__Your instructions__. Check each line of the listing below for the string "Photo", then copy every line that has it.

__Materials provided__.
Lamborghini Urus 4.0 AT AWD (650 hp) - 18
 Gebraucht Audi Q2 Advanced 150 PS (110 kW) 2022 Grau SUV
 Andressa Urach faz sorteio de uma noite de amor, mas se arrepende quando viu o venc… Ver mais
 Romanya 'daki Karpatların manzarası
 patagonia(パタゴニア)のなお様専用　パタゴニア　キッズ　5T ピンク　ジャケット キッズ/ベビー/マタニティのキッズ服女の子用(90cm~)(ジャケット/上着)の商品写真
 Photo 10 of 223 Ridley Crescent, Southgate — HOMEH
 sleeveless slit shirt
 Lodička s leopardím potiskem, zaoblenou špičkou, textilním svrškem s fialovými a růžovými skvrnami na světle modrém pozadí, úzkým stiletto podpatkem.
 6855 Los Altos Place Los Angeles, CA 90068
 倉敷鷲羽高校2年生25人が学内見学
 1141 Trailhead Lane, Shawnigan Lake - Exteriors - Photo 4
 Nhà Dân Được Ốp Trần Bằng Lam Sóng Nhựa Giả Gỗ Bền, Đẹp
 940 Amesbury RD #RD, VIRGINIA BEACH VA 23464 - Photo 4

__Answer section__.
 Photo 10 of 223 Ridley Crescent, Southgate — HOMEH
 1141 Trailhead Lane, Shawnigan Lake - Exteriors - Photo 4
 940 Amesbury RD #RD, VIRGINIA BEACH VA 23464 - Photo 4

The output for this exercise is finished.